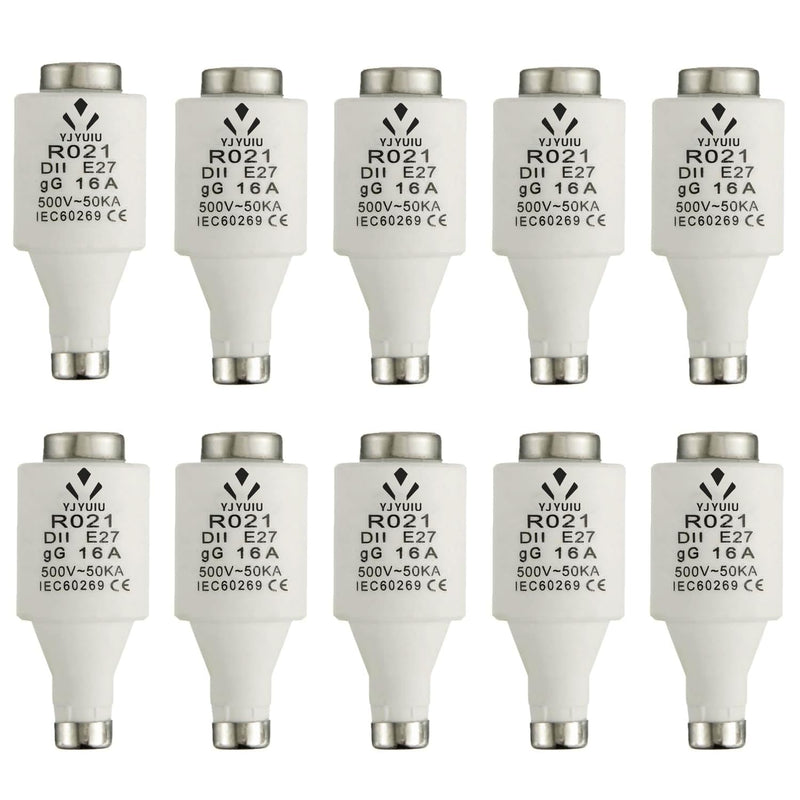 [Australia - AusPower] - 10 x R021 DII E27 Ceramic Fuse Inserts 16A 500V 50ka gG 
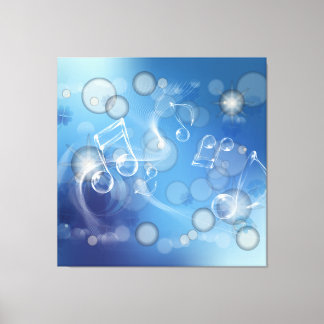 Lienzo Fantasy Glass Music Notes Wraped Canvas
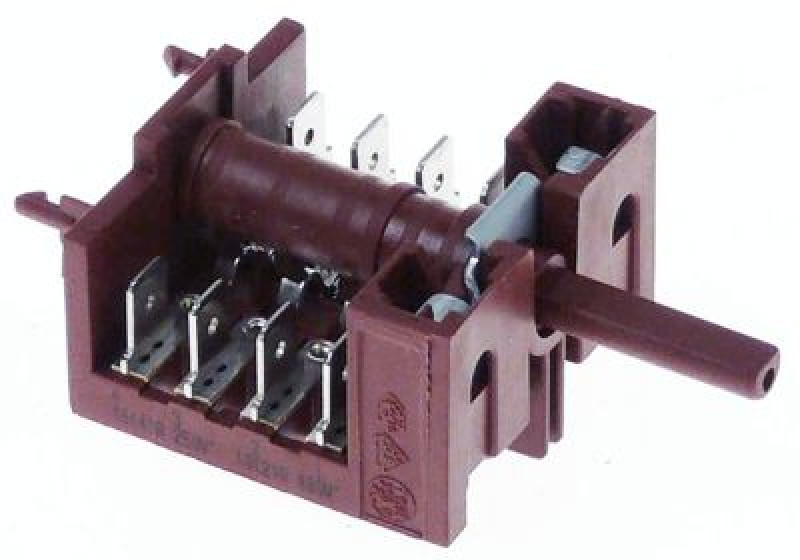 Переключатель выступающий 16А ø ось 6x4,6мм длина оси 23мм присоединение плоский штекер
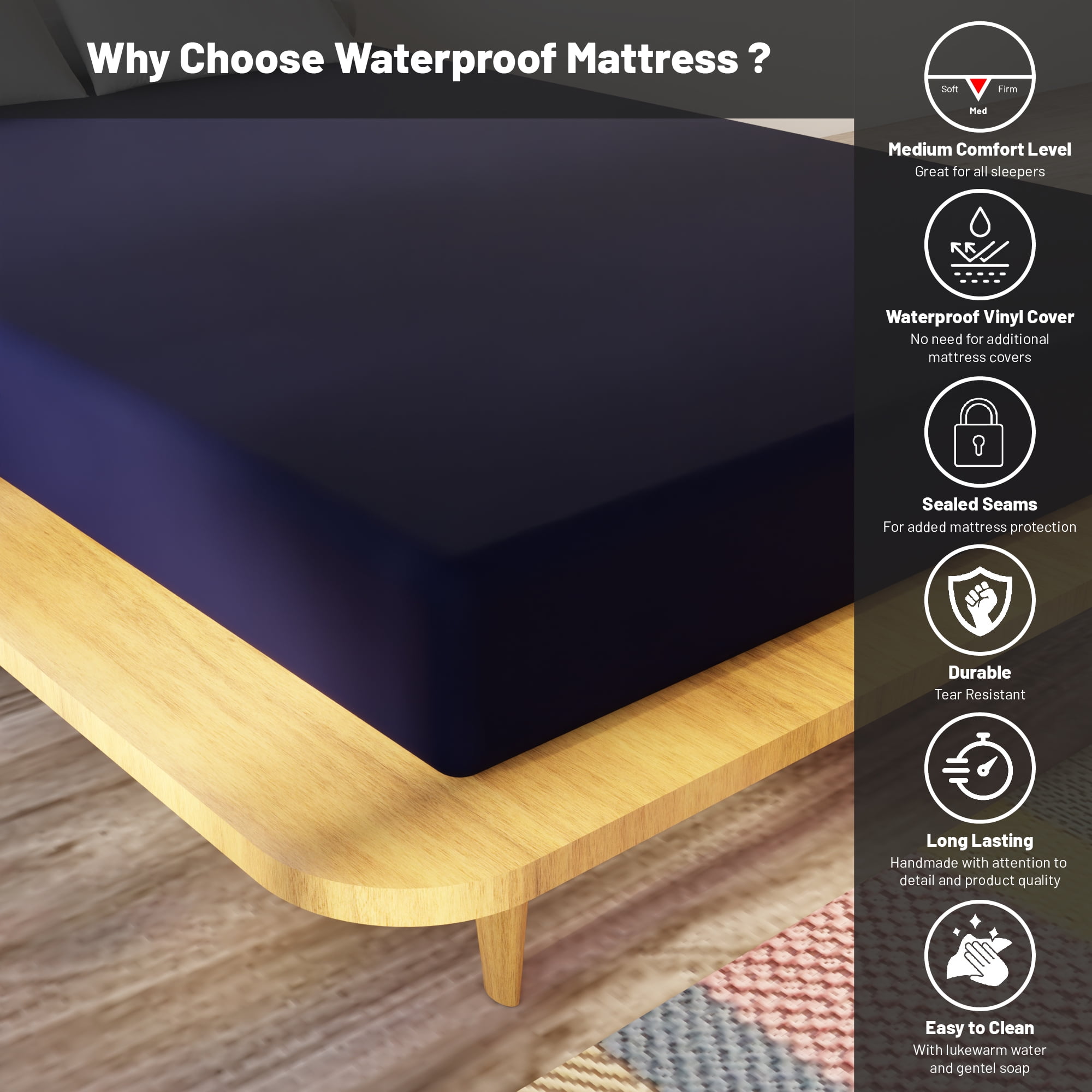 Continental Sleep, 7-Inch Medium Firm Water Resistance Nylon Vinyl Foam Mattress, Noiseless, Soft Cloud Feeling, Body Heat Reflection, Good for Hospital and Camp, Twin, Blue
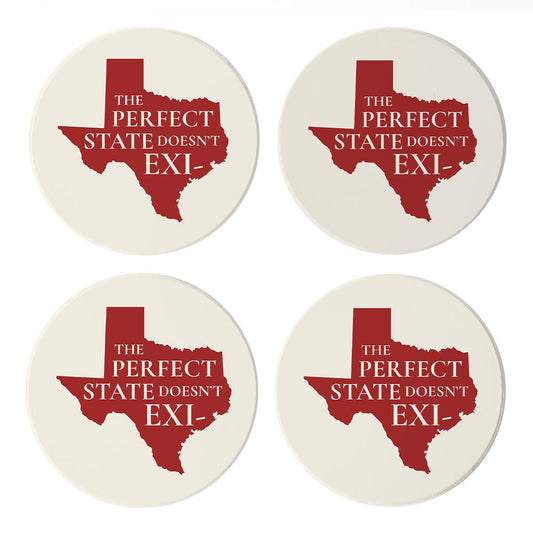 Modern Minimalist Texas Colors Perfect State | Absorbent Coasters | Set of 4 | Min 2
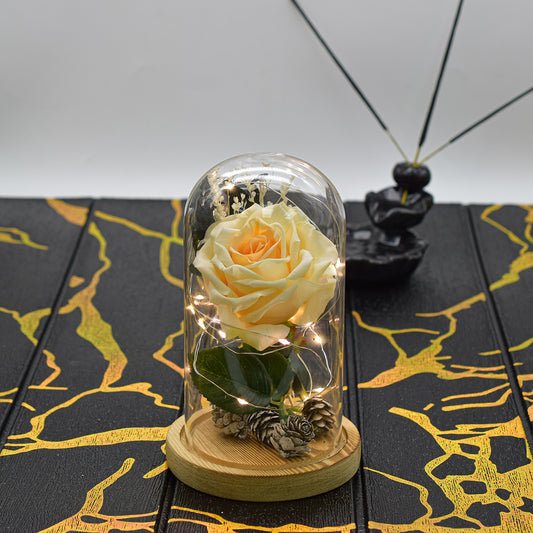 Aranjament floral in cupola de sticla, lumina Led, D4010, Portocaliu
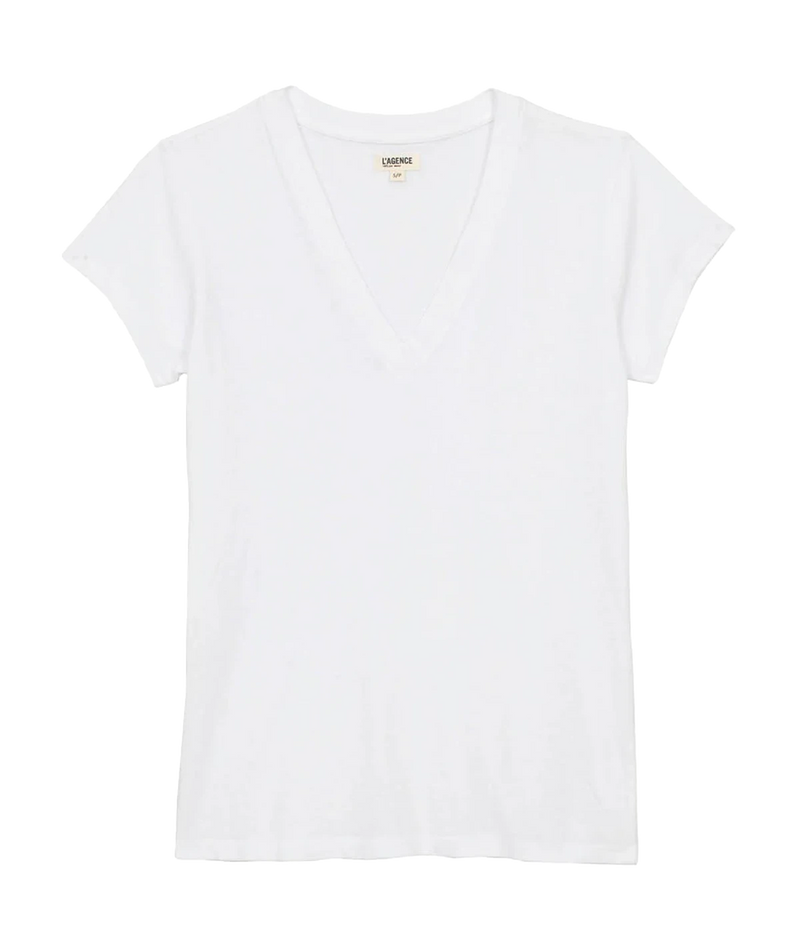 Becca V-Neck Tee in White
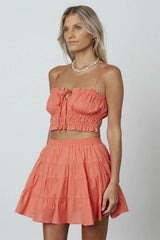 Evelyn Peach Two Piece Mini Dress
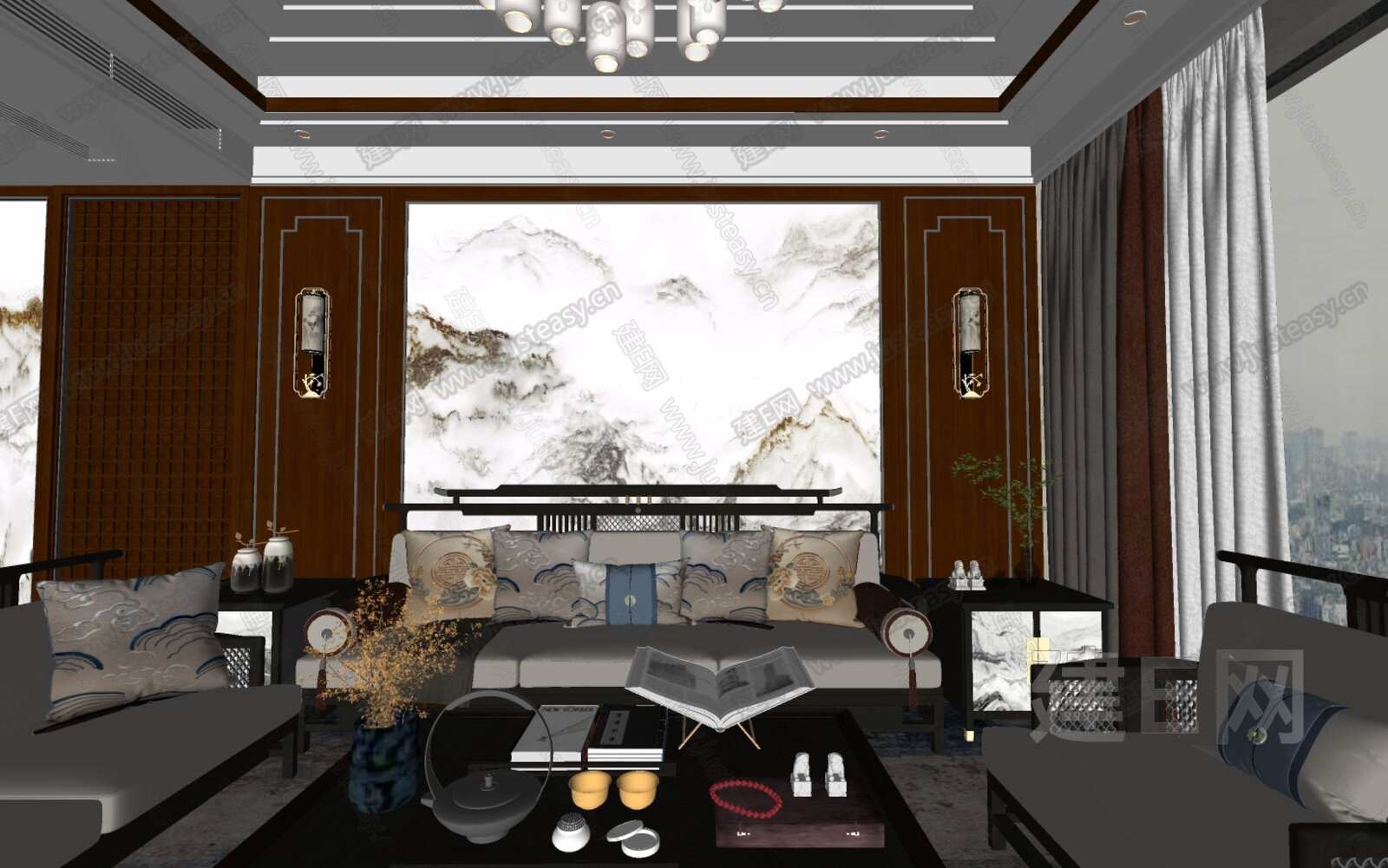 新中式客厅模型SU模型下载[ID:113199574]_建e网su模型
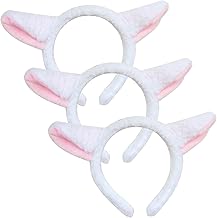 3 Pcs Animal Head Bands Sheep Ears on Head band Lovely Animal Ears Headband Sheep Headband with Ear Lamb Childrens Fancy Dress White and Pink Lamb Animal Costume Accessories (3 Pcs)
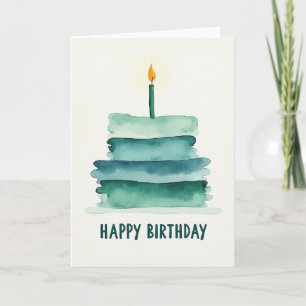 Carte de gâteau aqua joyeux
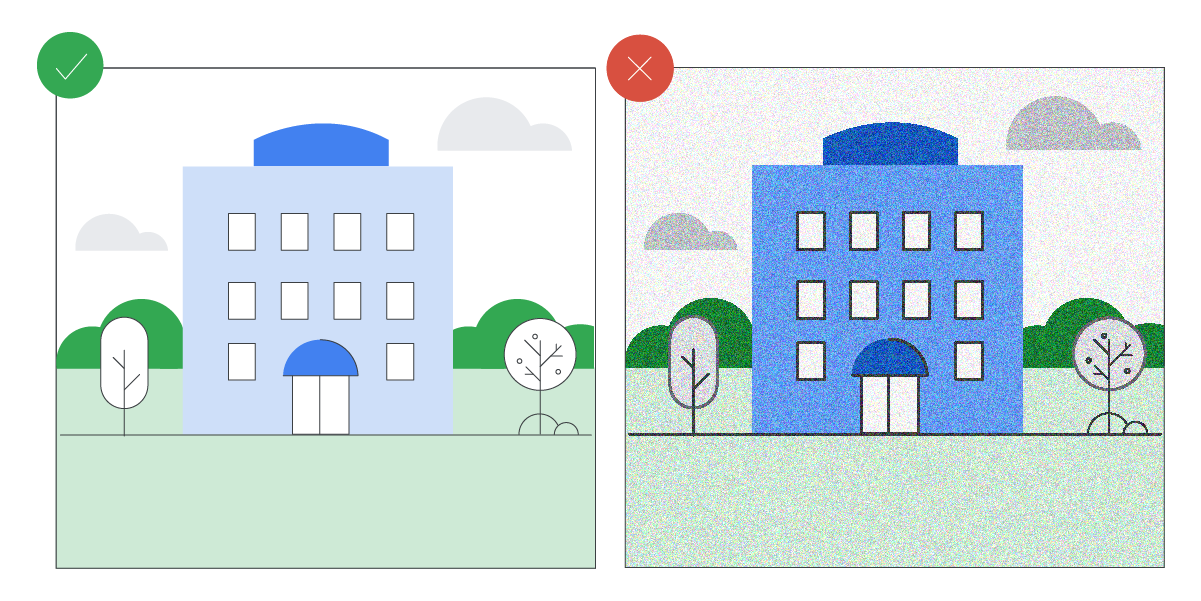 A concept illustration instructing users to avoid over-sharpening photos when post-editing.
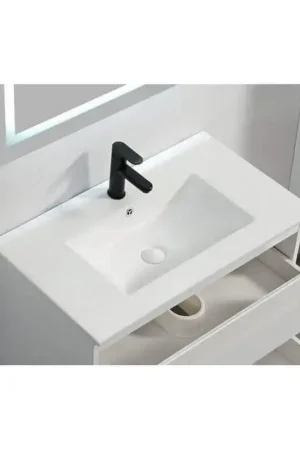 Vasque encastrable céramique blanche - 81x47 cm - City Meilleur Choix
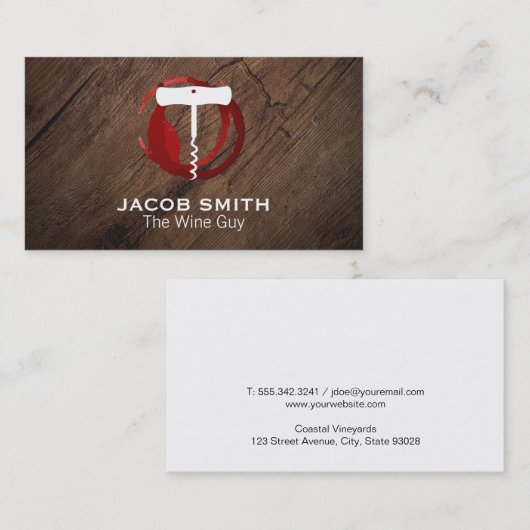 Houtnerf | Wijnopener | Wijnopener Visitekaartje (Voorkant / Achterkant)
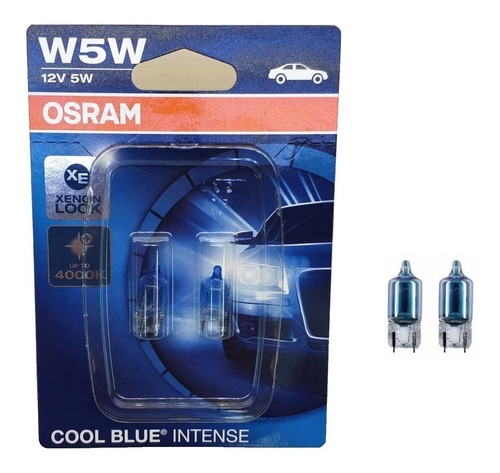 Lâmpadas Osram Cool Blue Intense 4000k W5w - Esmagada Pingo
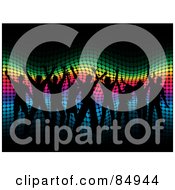 Black Silhouetted People Dancing Over A Wavy Halftone Rainbow Background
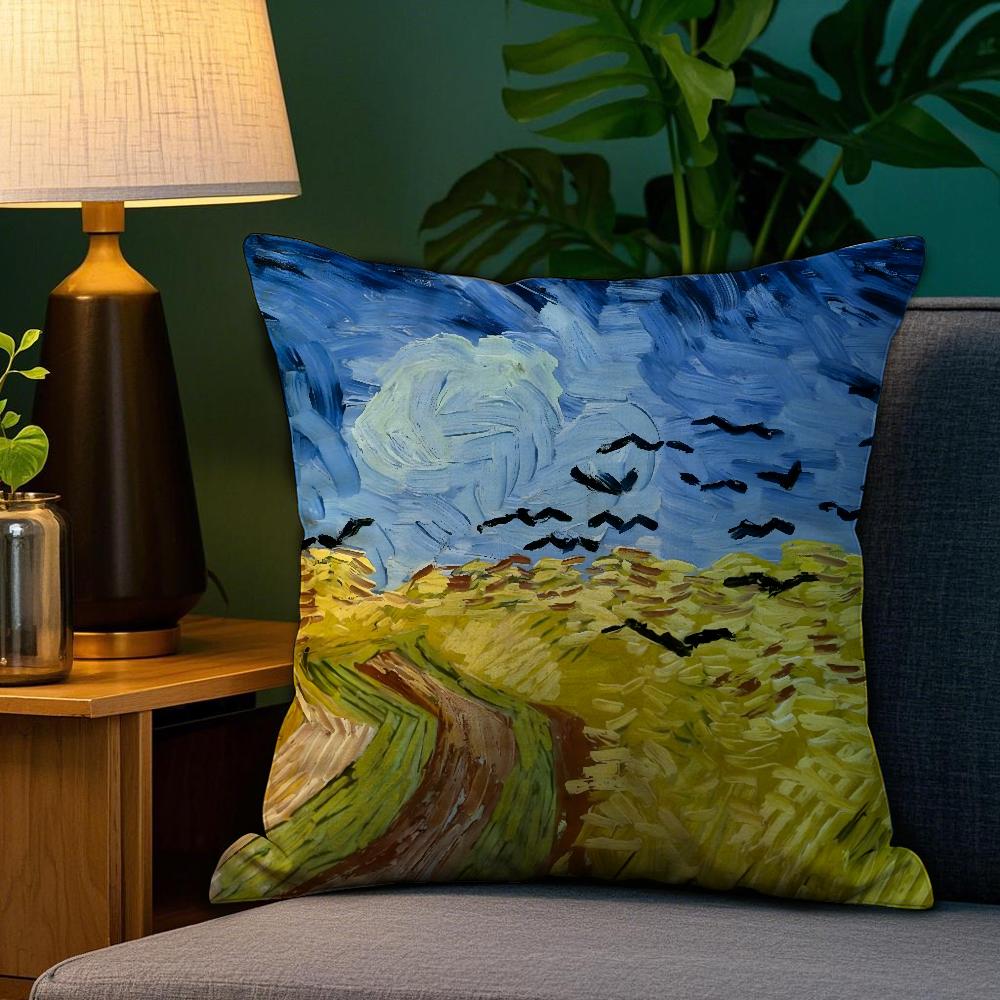 Van Gogh Oil Painting Pillow Case Plush Fabric Soft Double Sided Print Sofa Cushion Cover Throw Pillow Covers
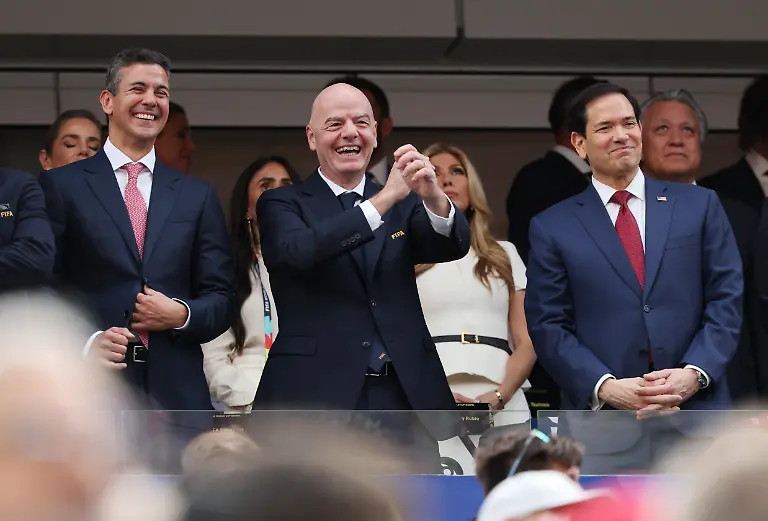 Soccer-Football-FIFA-World-Cup-2026-Group-D-United-States-v-Paraguay-Los-Angeles-Stadium-Inglewood-California-U-S-June-12-2026-President-of-Paraguay-Santiago-Pena-FIFA-President-Gianni-Infantino-and-U-S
================
> Problem details:
Without the pictures, return the records above exactly as given.

> Response for this exercise:
 [Australia - AusPower] - 10 x R021 DII E27 Ceramic Fuse Inserts 16A 500V 50ka gG 
 Lienzo Fantasy Glass Music Notes Wraped Canvas
 Переключатель выступающий 16А ø ось 6x4,6мм длина оси 23мм присоединение плоский штекер
 Continental Sleep, 7-Inch Medium Firm Water Resistance Nylon Vinyl Foam Mattress, Noiseless, Soft Cloud Feeling, Body Heat Reflection, Good for Hospital and Camp, Twin, Blue
 Modern Minimalist Texas Colors Perfect State | Absorbent Coasters | Set of 4 | Min 2
 Aranjament floral in cupola de sticla, lumina Led, D4010, Portocaliu
 Becca V-Neck Tee in White
 Evelyn Peach Two Piece Mini Dress
 新中式客厅模型SU模型下载[ID:113199574]_建e网su模型
 3 Pcs Animal Head Bands Sheep Ears on Head band Lovely Animal Ears Headband Sheep Headband with Ear Lamb Childrens Fancy Dress White and Pink Lamb Animal Costume Accessories (3 Pcs)
 Carte de gâteau aqua joyeux
 A concept illustration instructing users to avoid over-sharpening photos when post-editing.
 Vasque encastrable céramique blanche - 81x47 cm - City Meilleur Choix
 Houtnerf | Wijnopener | Wijnopener Visitekaartje (Voorkant / Achterkant)
 Lâmpadas Osram Cool Blue Intense 4000k W5w - Esmagada Pingo
 Black Silhouetted People Dancing Over A Wavy Halftone Rainbow Background
 Van Gogh Oil Painting Pillow Case Plush Fabric Soft Double Sided Print Sofa Cushion Cover Throw Pillow Covers
 Soccer-Football-FIFA-World-Cup-2026-Group-D-United-States-v-Paraguay-Los-Angeles-Stadium-Inglewood-California-U-S-June-12-2026-President-of-Paraguay-Santiago-Pena-FIFA-President-Gianni-Infantino-and-U-S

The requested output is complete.